ここからは遺されている遺構を見学しましょう。
園内マップには「かまど」と記されていた場所です。
煙突の周囲に8個の竃を置く窪みがあります。
平時はここでご飯を炊いていたのでしょうけど、主たる用途は戦時に大砲に使用する火種を絶やさないようにガンガン燃やすための物だったそうです。
弾薬庫。
東京都はもう少し管理をちゃんとしてください(笑)
下から土手の上を見上げてみましょう。
やはり視界が遮られるので戦の様子などはサッパリ分かりません。
黒船からの大砲が土手を越えてくる恐怖なども有ったのでしょうね。
これで一通り見て回りました。
当時の面影も残しつつ、犬たちが元気に走り回る平和な公園の姿が印象深いものでした。
幕末に作られた島から、現代に造られた水上の橋を眺めます。
建築技術の進歩の対比ですね。
こちらは第6台場。立ち入り禁止のため、自然や野生生物には楽園となっているのでしょうね。
第3台場との距離感。
レインボーブリッジから見る台場
レインボーブリッジのサウスルート(海側)を歩くと、台場の全容を眺める事ができます。
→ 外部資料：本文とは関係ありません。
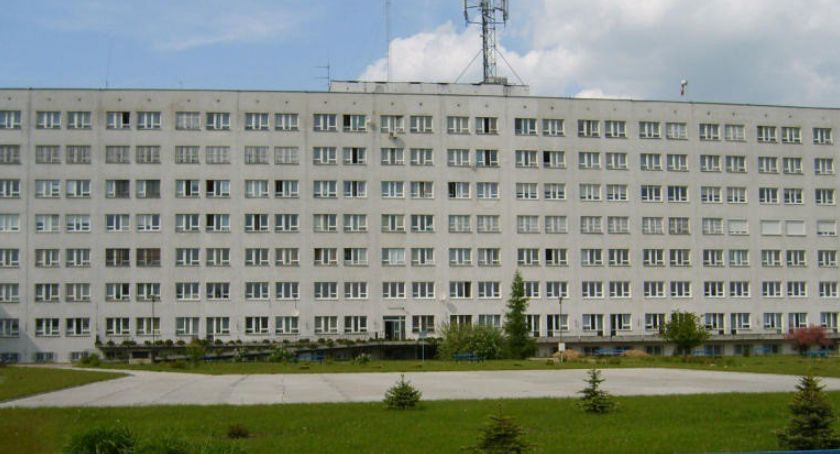 Jedenastu pacjentów z podejrzeniem zakażenia koronawirusem trafiło weekend do szpitala w Ciechanowie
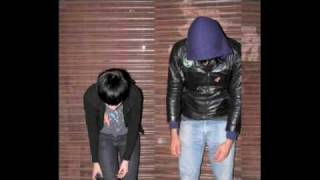 Vanished - Crystal Castles (Lyrics)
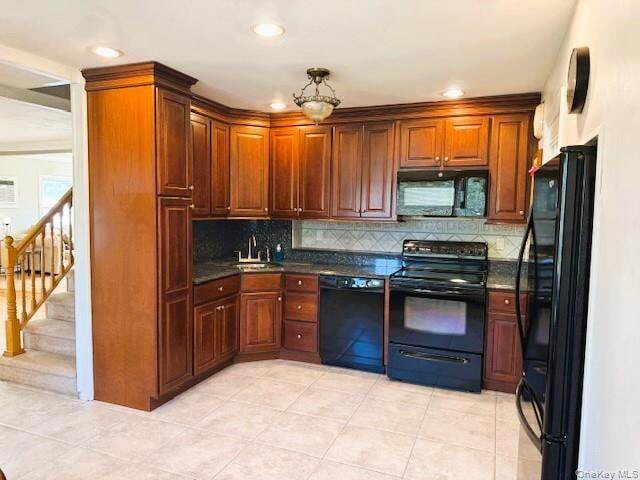 33 Chapel Ln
台場公園に行った際には、こちらも併せて歩いてみてください。
おわりに
「お台場にお城?」と驚かれる方がほとんどだと思います。
正確に言えばお城というよりは「軍事施設」「砦」という趣きですが、ペリーの江戸湾接岸を退けた歴史的な意義の深い施設です。
レジャーや建ち並ぶ大型ショッピングモールを回るので歴史に目を向ける暇も無いでしょうけど、少し休憩でもする際にビーチの向こうの島を眺めてみてもらえればな、と思います。